◆ YOUR TASK
For the material below, reproduce exactly each line from the one that has "Check out my" through the one that has "Subtle, I think, is", and no others; pictures stay out.

◆ GIVEN RECORDS
::::::
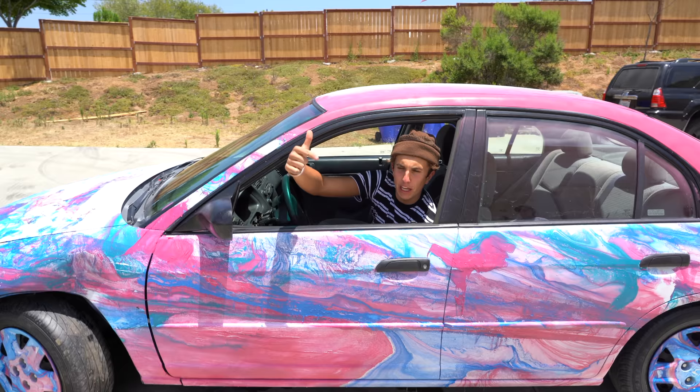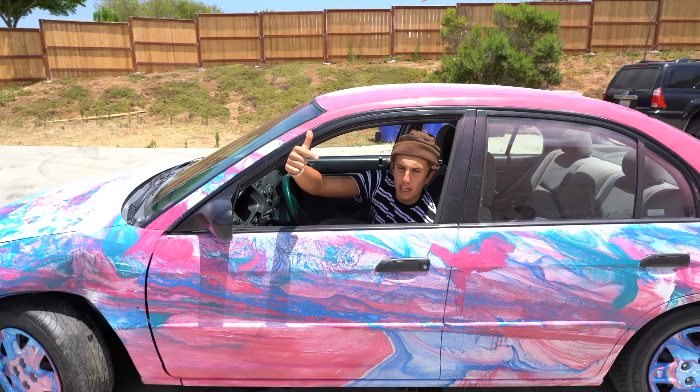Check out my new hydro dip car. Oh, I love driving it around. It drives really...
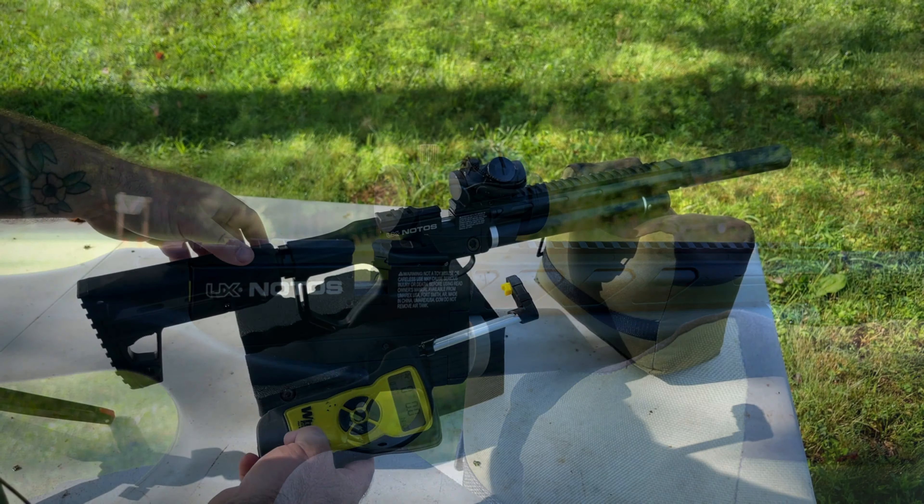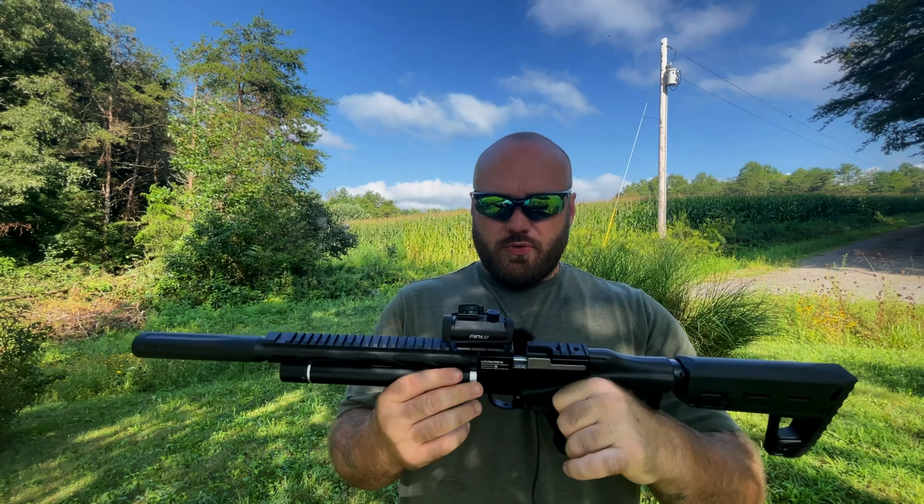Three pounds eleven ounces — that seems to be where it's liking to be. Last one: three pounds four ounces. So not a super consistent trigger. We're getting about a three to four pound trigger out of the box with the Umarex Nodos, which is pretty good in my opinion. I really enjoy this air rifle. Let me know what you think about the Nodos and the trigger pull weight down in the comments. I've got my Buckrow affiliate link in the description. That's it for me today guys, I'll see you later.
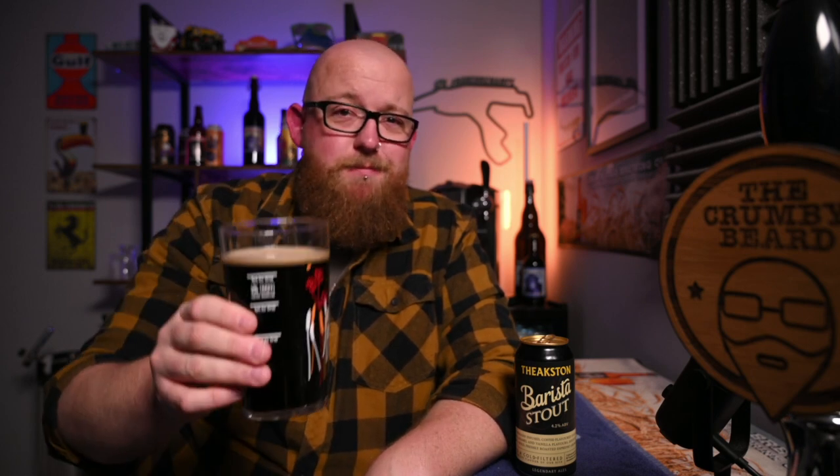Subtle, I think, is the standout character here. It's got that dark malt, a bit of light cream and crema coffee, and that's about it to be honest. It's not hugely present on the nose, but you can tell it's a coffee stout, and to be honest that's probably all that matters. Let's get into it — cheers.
::::::
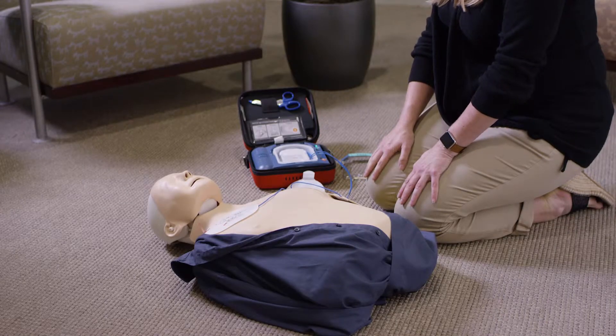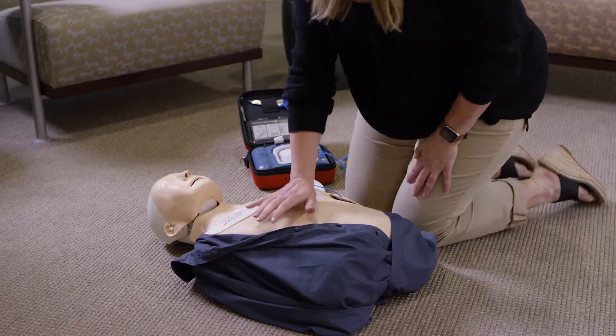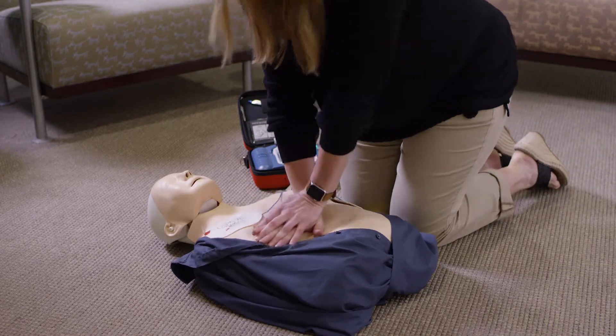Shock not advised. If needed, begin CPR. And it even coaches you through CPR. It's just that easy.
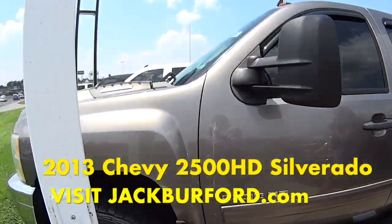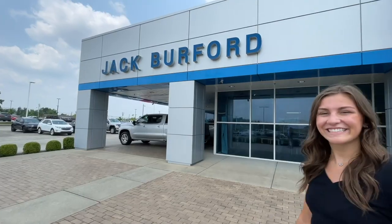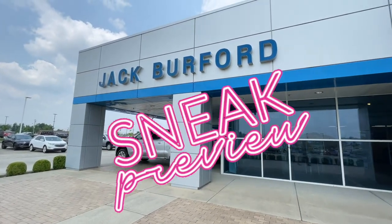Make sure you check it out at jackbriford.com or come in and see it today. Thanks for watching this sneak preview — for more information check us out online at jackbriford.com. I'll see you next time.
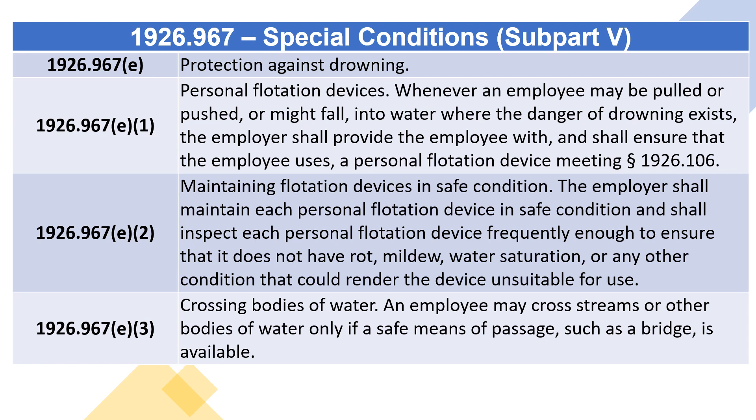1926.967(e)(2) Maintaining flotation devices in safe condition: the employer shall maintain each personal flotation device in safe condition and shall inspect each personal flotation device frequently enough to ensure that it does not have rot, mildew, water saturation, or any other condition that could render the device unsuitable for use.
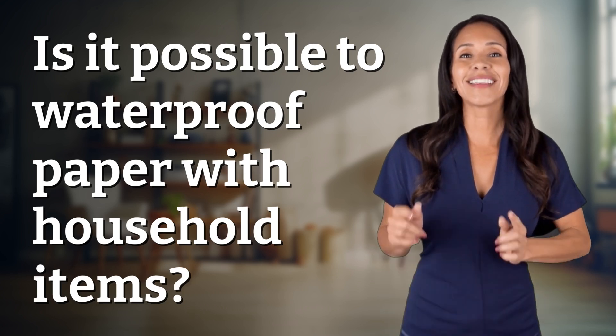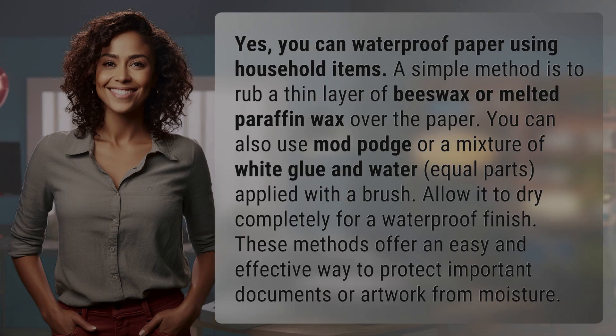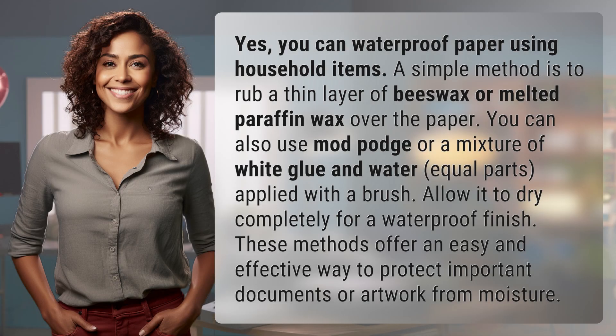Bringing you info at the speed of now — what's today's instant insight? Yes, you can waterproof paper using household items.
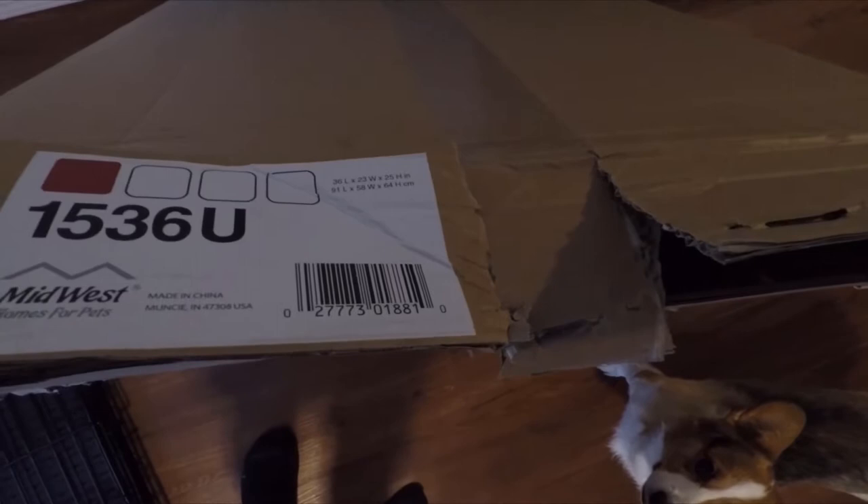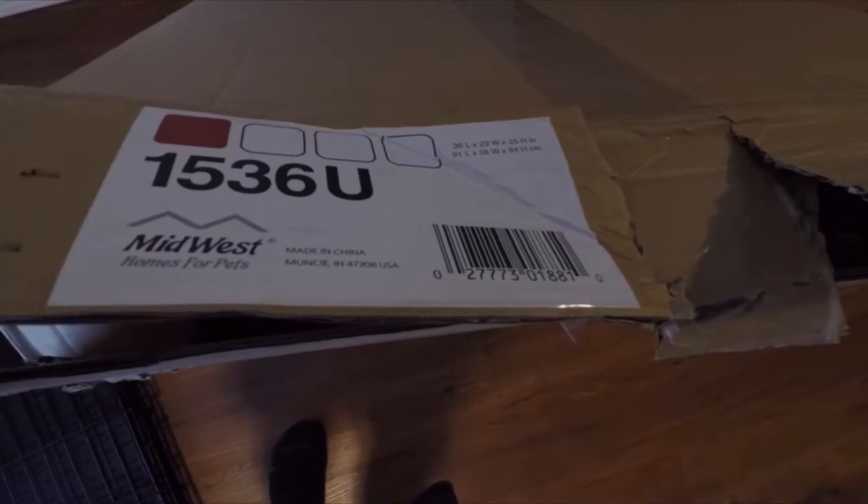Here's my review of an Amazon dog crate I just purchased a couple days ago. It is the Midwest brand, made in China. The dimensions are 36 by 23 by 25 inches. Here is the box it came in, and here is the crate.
::::::
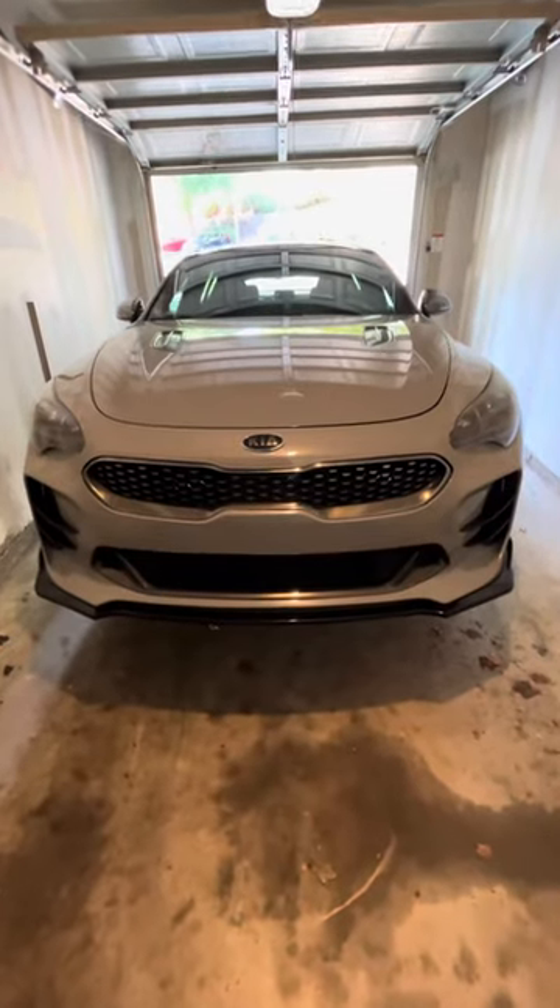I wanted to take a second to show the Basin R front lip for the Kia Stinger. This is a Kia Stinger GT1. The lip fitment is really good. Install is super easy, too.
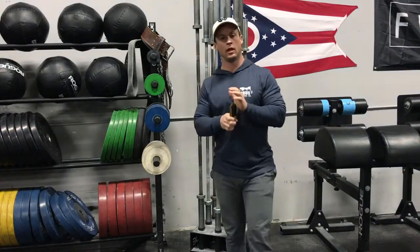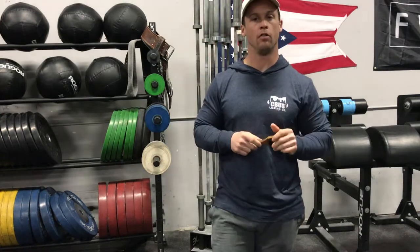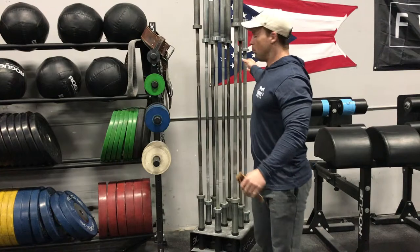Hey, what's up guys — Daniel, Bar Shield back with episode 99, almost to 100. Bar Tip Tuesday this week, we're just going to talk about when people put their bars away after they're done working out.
::::::
◆ TASK RESULT
Check out my new hydro dip car. Oh, I love driving it around. It drives really...
Three pounds eleven ounces — that seems to be where it's liking to be. Last one: three pounds four ounces. So not a super consistent trigger. We're getting about a three to four pound trigger out of the box with the Umarex Nodos, which is pretty good in my opinion. I really enjoy this air rifle. Let me know what you think about the Nodos and the trigger pull weight down in the comments. I've got my Buckrow affiliate link in the description. That's it for me today guys, I'll see you later.
Subtle, I think, is the standout character here. It's got that dark malt, a bit of light cream and crema coffee, and that's about it to be honest. It's not hugely present on the nose, but you can tell it's a coffee stout, and to be honest that's probably all that matters. Let's get into it — cheers.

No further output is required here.